# Chess Data Preparation
 - We will only extract required information from games, reducing the size to a reasonable level.

In [4]:
url = "https://database.lichess.org/standard/lichess_db_standard_rated_2023-10.pgn.zst" #set url here
lichessDataLength = 94922297 #how many games are in there (for progressbar)

filename = url.split("/")[-1]
dataMonth = filename.split(".")[0].split("_")[-1]

## Setup Environment
 - Installing dependencies
 - Downloading dataset

In [None]:
!pip install chess zstandard

In [None]:
print(f"Downloading of Month: {dataMonth}...")
!wget $url
print("Done!")

## Data Extraction

### Importing stuff and defining functions

In [2]:
import os, json
#from time import perf_counter
from zstandard import ZstdDecompressor
from io import TextIOWrapper
from tqdm.notebook import tqdm
from time import sleep

In [3]:
def getAverageRating(whiteElo, blackElo):
  if (blackElo == 0) or (whiteElo == 0):
    return blackElo or whiteElo
  else:
    return int((whiteElo + blackElo) / 2)
  
def getVal(pgnMetadataStr, isNumber=True):
  result = pgnMetadataStr.split('"')[1]
  if isNumber:
    result = int(result.replace("?", "0"))
  else:
    result = result.replace("?", "Unknown Opening")
  return result

def processGame(readableStuff):
  while True:

    currentLine = readableStuff.readline().lstrip("\ufeff")
    if currentLine == "":
      return None #EOF
    else:
      currentLine = currentLine.strip() #Still data here, proceed with processing.

    #Extract data
    if currentLine.startswith("1."):

      assert (bool(whiteElo) and bool(blackElo) and bool(opening)), "Game seems to be incomplete!, Unable to extract ELO Properly!"

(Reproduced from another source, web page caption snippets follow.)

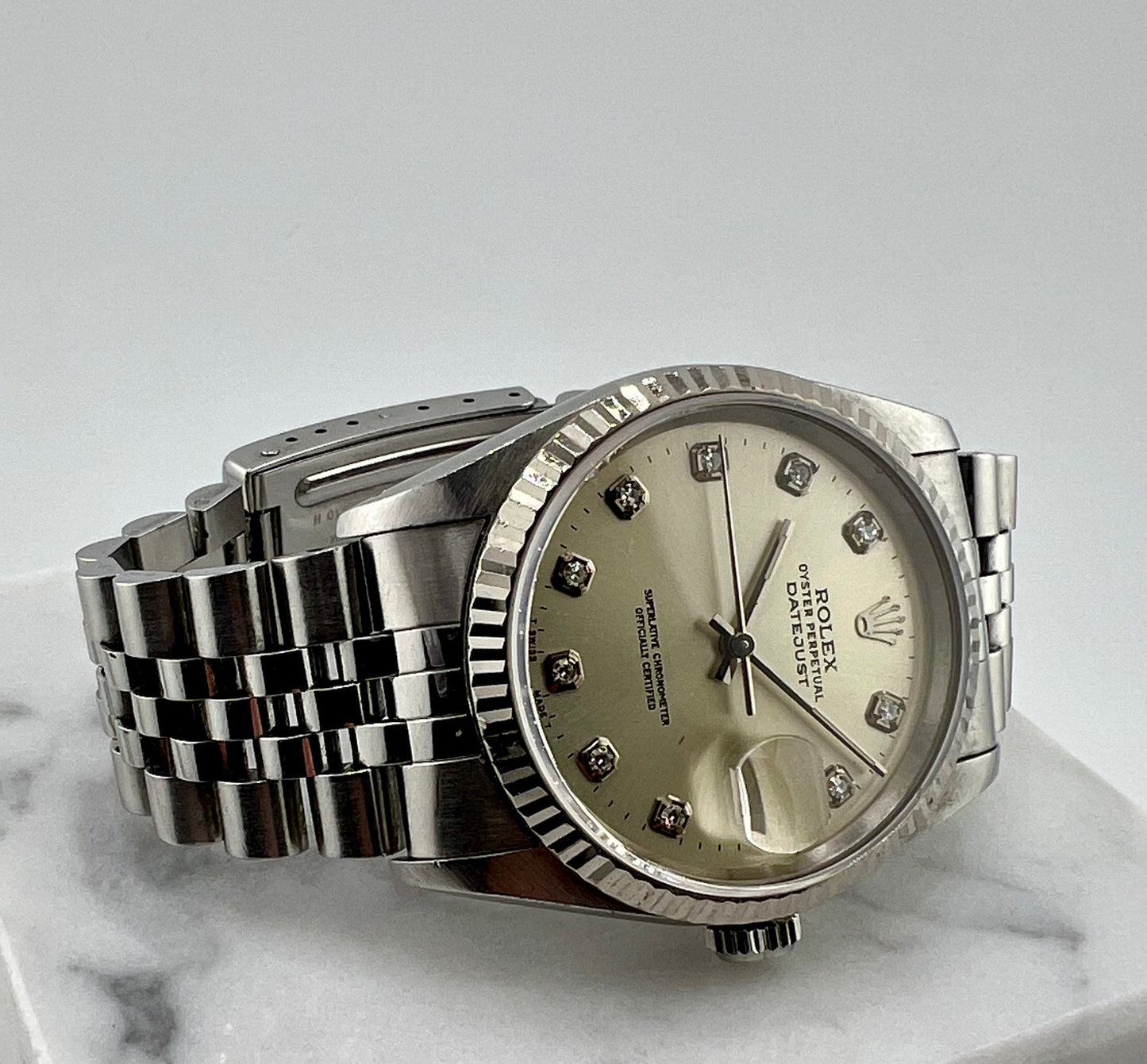 Rolex Datejust 36mm 16234 Silver Dial Diamond Index jubilèe 1991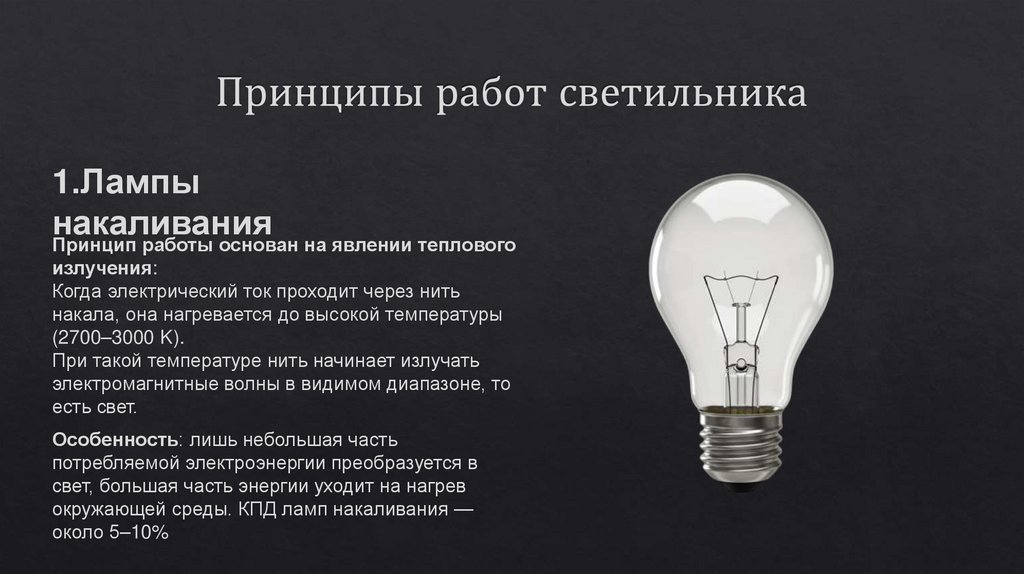 Принципы работ светильника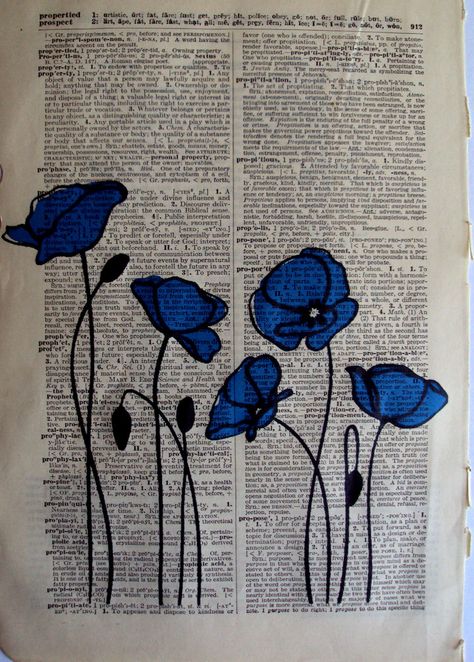 Blue Poppies Blue Poppies, Newspaper Art, Book Page Art, Dictionary Art, Art Et Illustration, Old Book, Art And Illustration, Book Page, Art Journals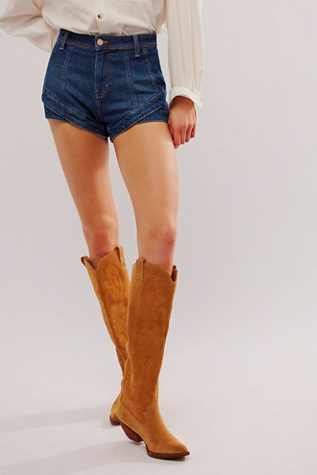 Finn Tall Western Boots by Jeffrey Campbell at Free People in Camel Suede, Size: US 8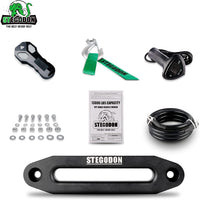 Stegodon 13000 Lbs Electric Winch T3,12V Synthetic Rope With Wireless Handheld Remotes And Wired Handle Black Aluminium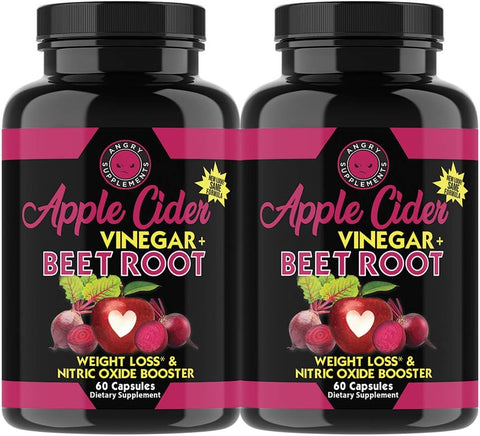 Cápsulas de Vinagre de Maçã com Beterraba, Detox e Estimulante de Energia (2 Frascos) - Angry Supplements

      result = [getAverageRating(whiteElo, blackElo), opening]
      whiteElo, blackElo, opening = None, None, None
      return result
    
    elif currentLine.startswith("[WhiteElo"):
      whiteElo = getVal(currentLine)
    elif currentLine.startswith("[BlackElo"):
      blackElo = getVal(currentLine)
    elif currentLine.startswith("[Opening"):
      opening = getVal(currentLine, isNumber=False)

    else:
      pass

## Actual Processing

Decompression: https://python-zstandard.readthedocs.io/en/latest/decompressor.html#zstddecompressionreader

In [4]:
#startTime = perf_counter()
progressBar = tqdm(total=lichessDataLength)

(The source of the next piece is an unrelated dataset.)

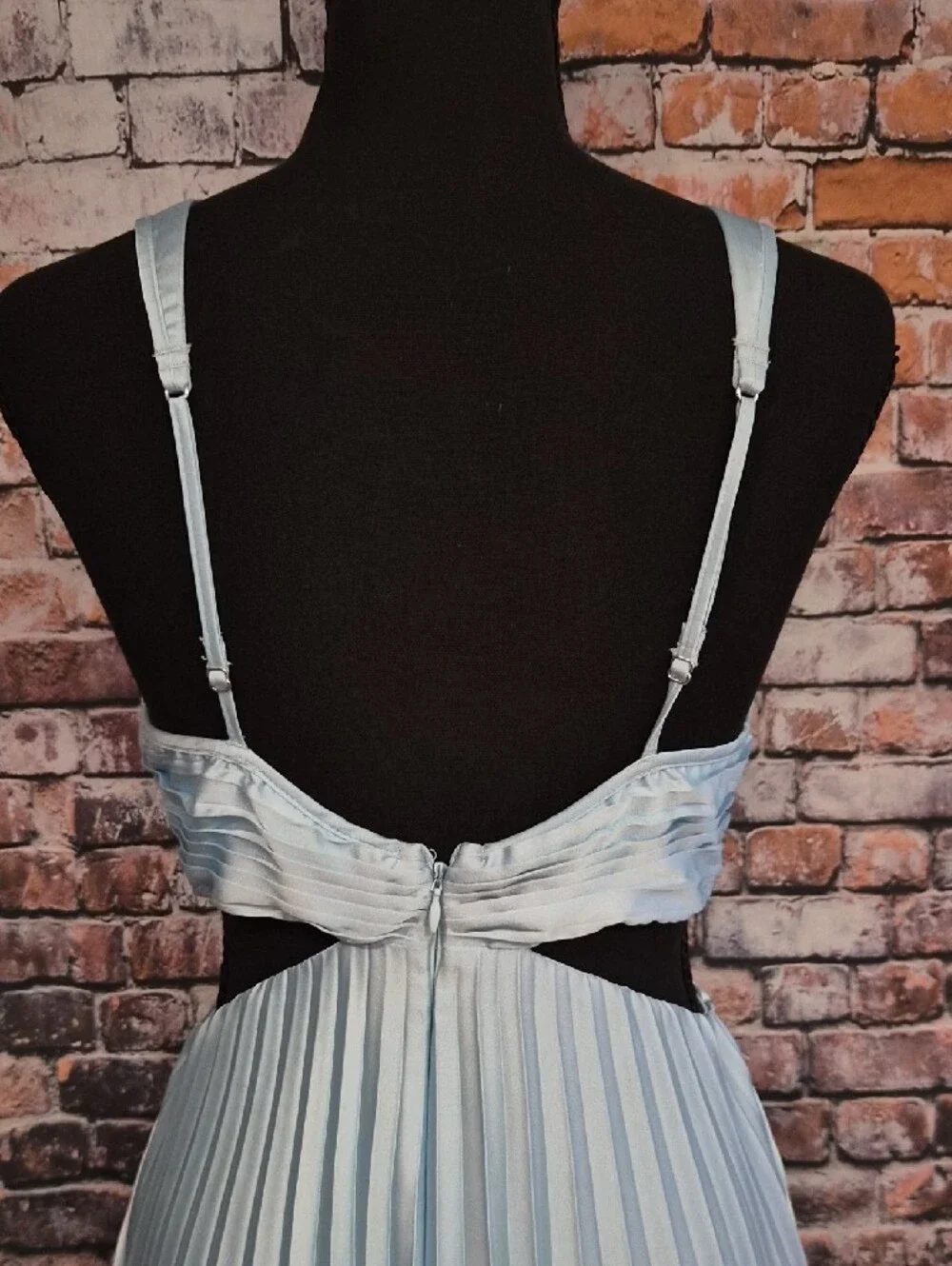 Abercrombie & Fitch Light Blue Pleated V-Neck Maxi Dress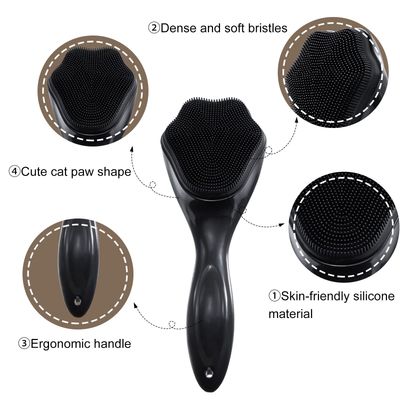 Silicone Face Scrubber Exfoliating Brush 2 Pack for Men, Beomeen Manual Handheld Facial Cleansing Brush Blackhead Scrubber, Soft Bristles Waterproof for Face Skincare, Black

print("Initializing file...")
with open(filename, "rb") as zstfile:
  decompressor = ZstdDecompressor()

  reader = decompressor.stream_reader(zstfile)
  textStream = TextIOWrapper(reader, encoding='utf-8')

  #pgn = textStream
  #gameList = []
  gamesDict = {}

  updateEvery = 10000
  counter = 0

  print("Starting data processing...")

  while True:
    #readStart = perf_counter()
    result = processGame(textStream)
    if result is None:
      break
    else:
      avgRating, opening = result
      
    if opening in gamesDict:
      gamesDict[opening].append(avgRating)
    else:
      gamesDict[opening] = [avgRating]

    counter += 1
    #complete = perf_counter()

    #print(f"Read: {round((processStart - readStart)*1000, 4)}ms, Process: {round((complete - processStart)*1000, 4)}ms, Total: {round((complete - readStart)*1000, 4)}ms")
    #Note: 90% of the time is spent on reading the game using the library, so don't bother optimizing the rest.
    #Note: Actually, no, its on the zstandard library, which is quite slow when compared to the CLI version.
    
    if counter == updateEvery:
      progressBar.update(updateEvery)
      counter = 0
  progressBar.update(counter)
  sleep(1)
  progressBar.close()
  print("Finally Done!")
  #endTime = perf_counter()
  #print(f"Parsed {len(gameList)} games in {round(endTime - startTime, 2)} seconds.")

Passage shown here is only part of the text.